Montesquieu adında bir densiz, 1748 yılında Kanunların Ruhu (De L’Esprit Des Lois) isminde bir kitap yazdı. Kanunlar, güç ve devlet erkleri üstüne Fransız devrimlerinin de anayasasına temel oluşturan bu kitapta geçen kavramlardan biri gücün gücü kesmesiydi. Kabaca bir açıklamayla devlet yönetim gücünü üç eşit parçaya bölmüştü Montesquieu: Yasama, yürütme ve yargı. Bu kavramlar, aynı taş makas ve kağıt oyunundaki gibi birinin diğeri üstüne tahakküm kurmasını engelliyordu. Bunlardan birinin diğerine baskın olması, üstüne temelendirdiğiniz tüm demokrasinin yerle bir olmasına neden olabilecekti.
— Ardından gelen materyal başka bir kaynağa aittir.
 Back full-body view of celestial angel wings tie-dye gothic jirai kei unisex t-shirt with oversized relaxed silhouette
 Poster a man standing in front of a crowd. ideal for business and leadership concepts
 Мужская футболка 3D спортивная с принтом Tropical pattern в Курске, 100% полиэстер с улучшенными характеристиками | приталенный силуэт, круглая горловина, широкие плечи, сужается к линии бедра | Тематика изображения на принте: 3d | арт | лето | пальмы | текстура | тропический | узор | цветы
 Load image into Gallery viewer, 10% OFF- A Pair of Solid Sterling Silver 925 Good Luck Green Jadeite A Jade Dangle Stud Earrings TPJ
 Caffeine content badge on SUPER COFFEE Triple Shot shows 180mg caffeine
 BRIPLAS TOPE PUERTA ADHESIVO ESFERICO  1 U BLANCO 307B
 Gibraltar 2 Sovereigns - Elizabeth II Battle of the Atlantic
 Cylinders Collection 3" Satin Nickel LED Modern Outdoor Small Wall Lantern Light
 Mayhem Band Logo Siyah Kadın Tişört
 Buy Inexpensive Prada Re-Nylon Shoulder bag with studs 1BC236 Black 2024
Bugün gazetelere enteresan bir haber girdi: İçişleri Bakanı Muammer Güler, sosyal medyada bir operasyon yapılacağını, bunun için de kanunlar çıkarılacağını söyledi. Bu haber aslında üstünde durulması gereken önemli bir mesaj taşıyor: Çünkü yürütmenin başındaki isimlerden bir bakan, yargının bakış açısını üstüne alarak tutuklamalar yapılacağını söylerken bunu da yasamanın hayata geçirmesine kesin gözüyle baktığı kanunları şimdiden müjdeleyerek yaptı.
Bu herkesin dikkatini çekmemiş olabilir. Ama yine insanların dikkatlerinden kaçma ihtimali olan bir kavram üstünde duralım: Sosyal medya üstüne çıkarılacak yasaların insanları tahrikten koruması öngörülüyor. Bu söylem beni çok korkutuyor. Çünkü hırsızlıktan korunmaktan bahsettiğimiz zaman konu çok net bir biçimde tanımlanabiliyor: Birinin kendine ait olmayan bir şeyi, bunun ait olduğu bireyin rızası dışında alması… Ama tahrik deyince. İşin içinden çıkamıyorum.
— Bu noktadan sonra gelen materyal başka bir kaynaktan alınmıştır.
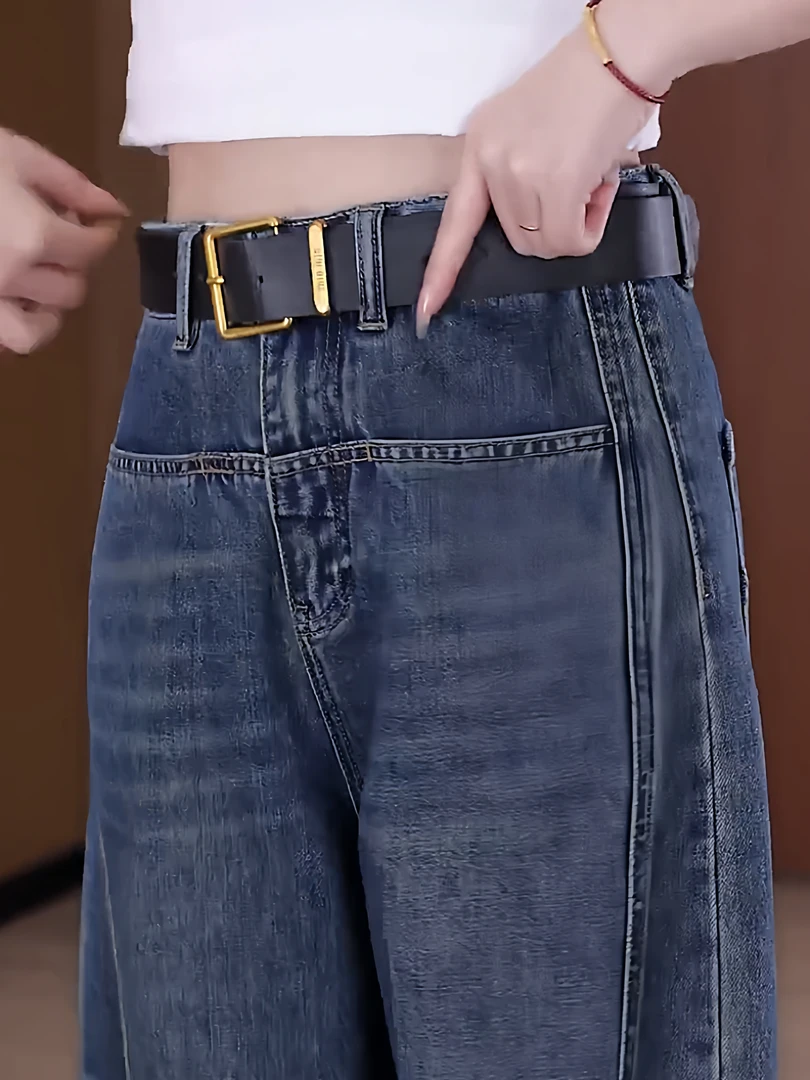 复古窄版阔腿牛仔裤女秋季新款胖mm高腰显瘦百搭小个子弯刀直筒裤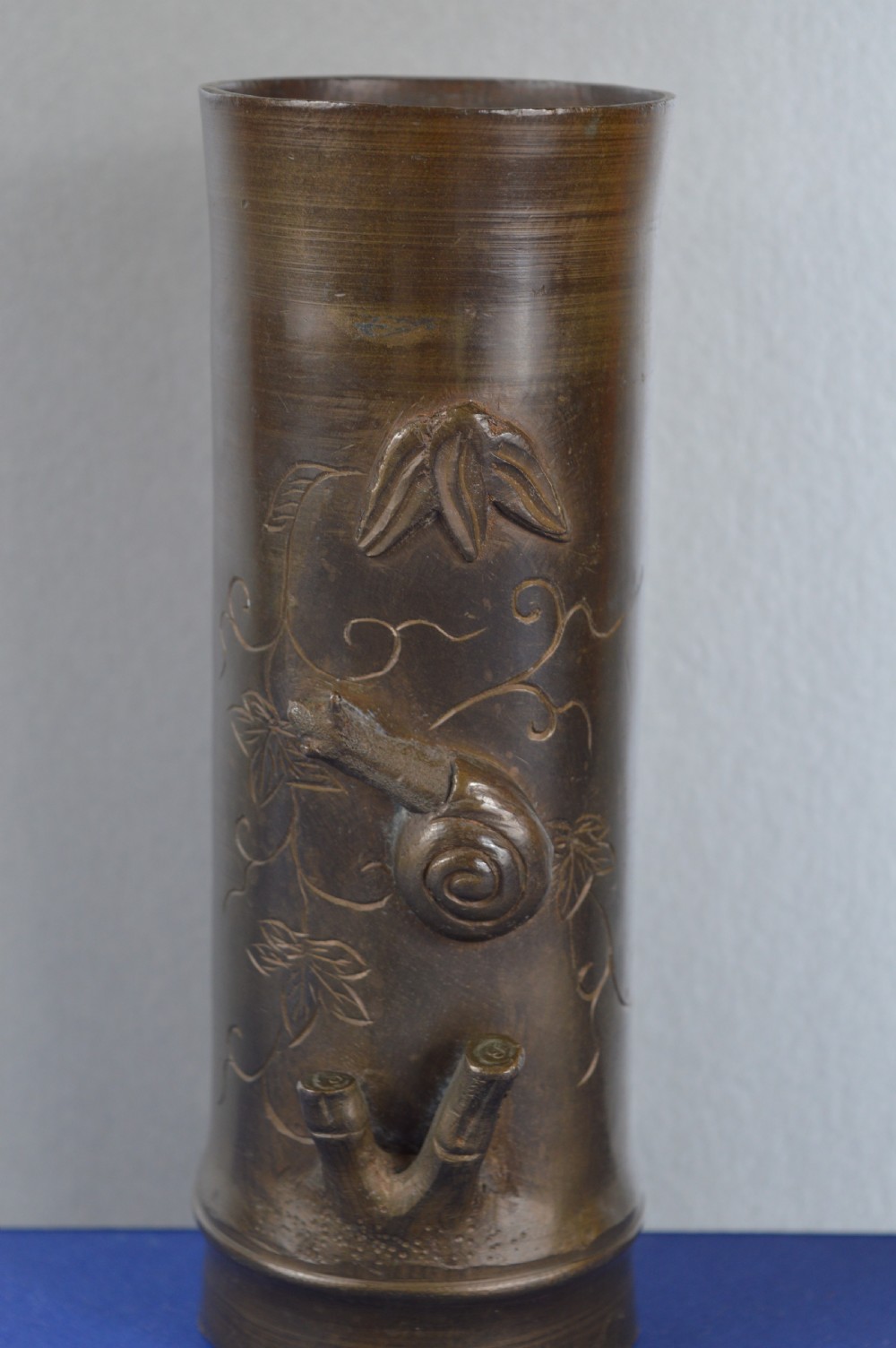 Large (21cm) Chinese Bronze Brush Pot/Vase, c1890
Mesela politikacıların demeçlerinden tahrik olan insanlar var. Benim yazdıklarımdan tahrik olan insanlar var. İnternetteki resimlerden tahrik olan insanlar var. Örneğin duran bir adamdan tahrik olan insanlar var. Bunun net tanımını nasıl koyacağız da güçler ayrılığının bu kadar birleştiği bir ülkede kanunlaştıracağız bilemiyorum.
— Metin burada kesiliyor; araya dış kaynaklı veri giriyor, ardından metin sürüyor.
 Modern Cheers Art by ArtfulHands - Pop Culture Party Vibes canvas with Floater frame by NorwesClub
Bunun yanında ben kendi adıma insanların internette yanıltılmaması için eğitim misyonumu yerine getiriyorum. İnsanlara sahte resimleri gerçeklerinden nasıl ayırabileceklerini anlatıyorum. Ama ben bu konunun piri değilken orta ve alt seviyeli internet kullanıcılarını buna ikna etmek nasıl olacak bunu da bilemiyorum. TKNLJ yetmez bunun için okullardan başlayan topyekün bir eğitime ihtiyaç var. Bu eğitimi vermeye bunu paylaşan insanları hapse atarak başlatmak bence en iyi yöntem değil.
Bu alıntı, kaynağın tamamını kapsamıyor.